Aquela notícia fez o leitão engasgar com a casca de abóbora que tinha na boca.
— Caçar a onça? Eu? Deus me livre!…
Pedrinho impôs energicamente:
— Vai, sim, ainda que seja para servir de isca, está ouvindo, seu covarde?
Rabicó tremia que nem geléia fora do copo.
— Um fidalgo! — prosseguiu Pedrinho, em tom de desprezo. — Um filho do grande Visconde de Sabugosa a tremer assim de medo! Que vergonha…
Rabicó não replicou. Bebeu um gole d’água para acalmar os nervos e voltou às suas cascas de abóbora com esta idéia na cabeça: “No momento hei de dar um jeito qualquer. Não tem perigo que eu me deixe comer cru pela onça”.
O luxo dos leitões é serem comidos assados ao forno, com rodelas de limão em redor e um ovo cozido na boca…
Rabicó se engasgando com as casas de abóbora, as respostas de Pedrinho ao animal, primeiro repressora, dizendo-lhe que servirá de isca, depois em tom de desprezo, ironizando sua situação de marquês e persuadindo-o por meio desta, o medo do leitão de ser devorado e o comentário do autor sobre o “luxo dos leitões”. Como este trecho, diversos podem representar o humor na obra lobatiana. Esse recurso, como afirma Duarte, ainda ajudou Lobato a se aproximar da essência de sua obra, de suas inovações, como a fusão do real e o maravilhoso, algo incomum na literatura infantil do momento. A autora afirma:
incorporado com naturalidade à narrativa e servindo, muitas vezes, como seu fio condutor com seu jogo de aproximações e afastamentos das contradições, o humor estimula o espírito lúdico, configurando-se como um desafio e, ao mesmo tempo, uma proposta de ruptura ao racionalismo dominante. (DUARTE, 2006, p. 276)

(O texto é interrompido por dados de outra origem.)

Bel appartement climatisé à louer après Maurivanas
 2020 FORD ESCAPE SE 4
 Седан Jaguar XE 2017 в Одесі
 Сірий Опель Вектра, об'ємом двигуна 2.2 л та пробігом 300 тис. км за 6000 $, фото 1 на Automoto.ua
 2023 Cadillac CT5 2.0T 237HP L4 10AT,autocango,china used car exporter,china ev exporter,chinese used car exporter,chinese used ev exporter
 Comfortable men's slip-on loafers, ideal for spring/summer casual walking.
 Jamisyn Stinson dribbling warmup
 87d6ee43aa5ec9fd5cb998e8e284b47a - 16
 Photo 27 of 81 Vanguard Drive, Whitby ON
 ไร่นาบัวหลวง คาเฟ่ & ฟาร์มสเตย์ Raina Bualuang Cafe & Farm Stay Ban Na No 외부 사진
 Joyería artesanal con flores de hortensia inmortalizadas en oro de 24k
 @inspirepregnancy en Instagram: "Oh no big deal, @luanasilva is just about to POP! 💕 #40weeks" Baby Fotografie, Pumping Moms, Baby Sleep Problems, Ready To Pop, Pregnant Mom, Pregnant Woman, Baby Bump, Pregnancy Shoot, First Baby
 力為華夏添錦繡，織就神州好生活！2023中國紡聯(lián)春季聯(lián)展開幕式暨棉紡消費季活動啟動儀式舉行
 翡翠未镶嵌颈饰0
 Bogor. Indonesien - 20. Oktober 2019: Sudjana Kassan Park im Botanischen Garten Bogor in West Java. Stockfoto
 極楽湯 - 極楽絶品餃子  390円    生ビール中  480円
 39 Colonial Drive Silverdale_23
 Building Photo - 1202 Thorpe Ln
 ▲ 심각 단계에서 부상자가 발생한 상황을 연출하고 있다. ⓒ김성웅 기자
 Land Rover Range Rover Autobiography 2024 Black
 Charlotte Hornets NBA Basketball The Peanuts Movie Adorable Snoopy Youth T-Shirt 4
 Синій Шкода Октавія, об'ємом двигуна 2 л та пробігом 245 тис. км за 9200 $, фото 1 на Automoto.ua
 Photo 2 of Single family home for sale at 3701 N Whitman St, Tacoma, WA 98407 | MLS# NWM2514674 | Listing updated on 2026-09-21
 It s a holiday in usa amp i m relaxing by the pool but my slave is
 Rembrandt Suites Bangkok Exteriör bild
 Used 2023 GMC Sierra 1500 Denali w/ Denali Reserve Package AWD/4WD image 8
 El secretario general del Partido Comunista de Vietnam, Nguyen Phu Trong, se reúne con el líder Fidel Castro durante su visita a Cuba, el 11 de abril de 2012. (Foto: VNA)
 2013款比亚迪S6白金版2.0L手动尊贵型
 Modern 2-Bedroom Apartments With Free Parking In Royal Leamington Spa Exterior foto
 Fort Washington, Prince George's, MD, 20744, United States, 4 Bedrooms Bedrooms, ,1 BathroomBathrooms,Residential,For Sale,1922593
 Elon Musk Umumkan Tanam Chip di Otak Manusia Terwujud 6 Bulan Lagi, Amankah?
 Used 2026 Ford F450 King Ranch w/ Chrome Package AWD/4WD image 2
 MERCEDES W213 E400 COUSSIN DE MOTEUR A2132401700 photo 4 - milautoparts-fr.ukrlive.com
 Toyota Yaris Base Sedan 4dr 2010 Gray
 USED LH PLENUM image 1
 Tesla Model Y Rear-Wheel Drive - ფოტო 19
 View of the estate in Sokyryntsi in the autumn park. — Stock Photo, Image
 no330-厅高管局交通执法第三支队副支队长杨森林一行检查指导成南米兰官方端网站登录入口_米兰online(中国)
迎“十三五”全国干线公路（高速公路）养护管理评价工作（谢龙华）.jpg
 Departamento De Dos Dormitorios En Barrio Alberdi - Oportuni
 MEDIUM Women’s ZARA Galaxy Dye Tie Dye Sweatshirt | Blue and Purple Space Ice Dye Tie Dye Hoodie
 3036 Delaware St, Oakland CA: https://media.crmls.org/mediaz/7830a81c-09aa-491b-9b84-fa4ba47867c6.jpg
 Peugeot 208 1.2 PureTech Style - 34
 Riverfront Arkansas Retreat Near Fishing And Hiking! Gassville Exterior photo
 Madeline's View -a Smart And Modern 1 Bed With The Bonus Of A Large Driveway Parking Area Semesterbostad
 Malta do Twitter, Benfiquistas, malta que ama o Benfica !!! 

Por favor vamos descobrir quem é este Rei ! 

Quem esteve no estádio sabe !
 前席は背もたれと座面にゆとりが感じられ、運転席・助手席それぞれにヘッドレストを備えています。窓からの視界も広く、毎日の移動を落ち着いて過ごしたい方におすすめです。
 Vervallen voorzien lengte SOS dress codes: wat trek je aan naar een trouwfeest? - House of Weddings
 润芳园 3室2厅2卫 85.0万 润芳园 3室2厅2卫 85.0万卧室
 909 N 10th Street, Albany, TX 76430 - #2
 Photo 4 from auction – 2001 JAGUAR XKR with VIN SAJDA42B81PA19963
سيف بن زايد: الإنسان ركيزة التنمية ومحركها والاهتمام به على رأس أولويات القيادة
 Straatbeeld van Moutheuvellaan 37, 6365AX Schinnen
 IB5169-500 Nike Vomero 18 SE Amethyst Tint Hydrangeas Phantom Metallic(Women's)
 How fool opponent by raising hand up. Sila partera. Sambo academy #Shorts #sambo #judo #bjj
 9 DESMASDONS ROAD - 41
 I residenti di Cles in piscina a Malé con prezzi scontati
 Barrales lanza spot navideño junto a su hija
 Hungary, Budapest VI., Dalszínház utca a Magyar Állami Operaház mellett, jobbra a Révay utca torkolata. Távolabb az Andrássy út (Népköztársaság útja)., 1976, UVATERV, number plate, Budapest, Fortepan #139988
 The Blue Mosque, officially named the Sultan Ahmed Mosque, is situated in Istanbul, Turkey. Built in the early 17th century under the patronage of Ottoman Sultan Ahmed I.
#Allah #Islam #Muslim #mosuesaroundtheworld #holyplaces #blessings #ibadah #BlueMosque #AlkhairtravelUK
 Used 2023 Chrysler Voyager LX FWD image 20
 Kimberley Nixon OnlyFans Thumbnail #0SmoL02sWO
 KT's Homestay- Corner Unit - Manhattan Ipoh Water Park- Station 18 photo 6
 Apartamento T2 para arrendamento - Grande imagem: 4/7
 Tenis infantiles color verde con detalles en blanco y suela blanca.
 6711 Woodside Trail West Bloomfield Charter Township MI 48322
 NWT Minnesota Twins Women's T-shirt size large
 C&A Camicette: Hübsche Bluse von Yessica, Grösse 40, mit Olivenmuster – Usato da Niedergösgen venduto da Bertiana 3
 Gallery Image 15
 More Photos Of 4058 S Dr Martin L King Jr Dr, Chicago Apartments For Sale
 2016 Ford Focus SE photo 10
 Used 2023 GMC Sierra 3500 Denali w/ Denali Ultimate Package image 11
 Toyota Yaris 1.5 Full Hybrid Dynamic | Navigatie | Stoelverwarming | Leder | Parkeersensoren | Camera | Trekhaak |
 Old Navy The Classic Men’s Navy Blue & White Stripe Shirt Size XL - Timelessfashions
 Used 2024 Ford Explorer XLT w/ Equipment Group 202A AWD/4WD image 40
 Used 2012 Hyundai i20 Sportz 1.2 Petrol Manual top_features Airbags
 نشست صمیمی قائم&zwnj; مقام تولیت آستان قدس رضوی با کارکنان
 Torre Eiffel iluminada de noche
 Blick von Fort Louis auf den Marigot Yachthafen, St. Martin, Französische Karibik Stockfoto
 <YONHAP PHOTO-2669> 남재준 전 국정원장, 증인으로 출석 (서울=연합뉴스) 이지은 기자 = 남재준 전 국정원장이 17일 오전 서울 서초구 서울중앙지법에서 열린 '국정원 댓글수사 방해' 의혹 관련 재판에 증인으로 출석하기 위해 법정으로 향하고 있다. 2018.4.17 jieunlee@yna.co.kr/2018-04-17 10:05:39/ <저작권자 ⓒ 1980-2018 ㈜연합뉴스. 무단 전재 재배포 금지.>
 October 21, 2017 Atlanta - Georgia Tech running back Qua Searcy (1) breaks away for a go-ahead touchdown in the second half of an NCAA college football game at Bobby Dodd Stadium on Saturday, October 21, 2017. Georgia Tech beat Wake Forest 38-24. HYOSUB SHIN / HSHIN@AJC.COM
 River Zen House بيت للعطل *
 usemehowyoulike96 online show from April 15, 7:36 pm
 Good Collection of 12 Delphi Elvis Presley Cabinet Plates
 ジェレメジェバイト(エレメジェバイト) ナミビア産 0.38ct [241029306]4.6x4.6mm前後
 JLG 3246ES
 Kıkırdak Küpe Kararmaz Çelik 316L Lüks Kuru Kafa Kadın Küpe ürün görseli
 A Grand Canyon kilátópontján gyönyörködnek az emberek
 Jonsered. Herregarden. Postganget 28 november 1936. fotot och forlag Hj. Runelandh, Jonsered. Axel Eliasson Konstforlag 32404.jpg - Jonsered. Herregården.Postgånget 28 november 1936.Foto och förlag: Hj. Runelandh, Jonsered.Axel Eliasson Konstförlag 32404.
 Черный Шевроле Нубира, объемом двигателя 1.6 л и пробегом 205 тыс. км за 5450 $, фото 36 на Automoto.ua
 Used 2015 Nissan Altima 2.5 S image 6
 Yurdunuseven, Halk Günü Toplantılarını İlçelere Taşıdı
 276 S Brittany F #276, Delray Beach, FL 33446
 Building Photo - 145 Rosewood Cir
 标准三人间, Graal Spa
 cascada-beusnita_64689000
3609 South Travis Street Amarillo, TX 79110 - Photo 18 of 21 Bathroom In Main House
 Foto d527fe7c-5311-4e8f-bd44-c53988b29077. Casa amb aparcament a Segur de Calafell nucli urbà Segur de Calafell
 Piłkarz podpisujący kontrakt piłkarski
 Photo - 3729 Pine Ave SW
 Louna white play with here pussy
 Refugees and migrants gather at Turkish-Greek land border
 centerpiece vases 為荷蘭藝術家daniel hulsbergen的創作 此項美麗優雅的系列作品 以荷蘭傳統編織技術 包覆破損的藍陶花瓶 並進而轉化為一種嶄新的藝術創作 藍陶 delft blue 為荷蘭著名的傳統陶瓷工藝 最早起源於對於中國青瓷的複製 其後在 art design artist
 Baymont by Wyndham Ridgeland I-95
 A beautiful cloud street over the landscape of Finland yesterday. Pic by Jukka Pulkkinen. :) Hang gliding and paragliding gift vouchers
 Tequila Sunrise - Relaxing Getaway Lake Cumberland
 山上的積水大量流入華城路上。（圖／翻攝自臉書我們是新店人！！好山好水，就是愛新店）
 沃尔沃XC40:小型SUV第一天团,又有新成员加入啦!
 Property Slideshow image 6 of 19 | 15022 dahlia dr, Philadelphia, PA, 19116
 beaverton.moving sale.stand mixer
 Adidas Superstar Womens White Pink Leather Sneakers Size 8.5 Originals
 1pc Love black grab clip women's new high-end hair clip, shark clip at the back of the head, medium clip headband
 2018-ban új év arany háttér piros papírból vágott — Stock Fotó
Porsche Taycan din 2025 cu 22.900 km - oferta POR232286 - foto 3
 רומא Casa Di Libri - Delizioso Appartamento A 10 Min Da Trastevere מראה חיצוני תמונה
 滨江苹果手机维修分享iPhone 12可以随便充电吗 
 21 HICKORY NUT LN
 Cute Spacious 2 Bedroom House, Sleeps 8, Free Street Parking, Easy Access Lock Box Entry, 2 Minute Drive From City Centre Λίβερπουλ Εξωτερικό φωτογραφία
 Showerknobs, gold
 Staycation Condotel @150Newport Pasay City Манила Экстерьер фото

Analisar o humor na obra lobatiana especificamente é, em minha opinião, uma proposta bastante pertinente. Esse aspecto configura-se crucial à proposta do autor, peça integrante do quebra-cabeça pré-modernista que, como apontam os estudos literários, visava uma linguagem mais simples, acessível ao grande público, mas que não comprometesse o conteúdo do texto. Quanto à ânsia de expor os problemas sociais do país na literatura, a veia cômica consegue “dar conta do recado”, de uma maneira mais leve é possível se expressar sem amarras e levar os leitores à reflexão. No entanto, nem sempre o modo mais leve de se dizer algo passa despercebido ou não é vetado, como aconteceu há alguns anos, quando o Conselho Nacional de Educação (CDE) queixou-se sobre a entrada do livro Caçadas de Pedrinho nas escolas públicas e este foi excluído do Programa Nacional Biblioteca na Escola pela identificação de passagens racistas na obra. É uma pena que se considere o autor um ser totalmente desvinculado de uma época, período na qual se acreditavam em certas concepções que, atualmente, já nos são consideradas inviáveis. Que essa ditadura literária é algo prejudicial para arte, cuja bandeira é a liberdade de expressão, não há dúvida. Mas deixo esse assunto para uma próxima oportunidade e registro apenas que também me preocupa o novo estigma atribuído a Lobato, o de “preconceituoso”, substituído pelo de “inimigo-número-um-do-Modernismo”, citado no começo do texto. Isso delimita, rotula, coloca o autor dentro de apenas uma embalagem quando, na verdade, sua escrita é multifacetada, como os grandes trabalhos literários.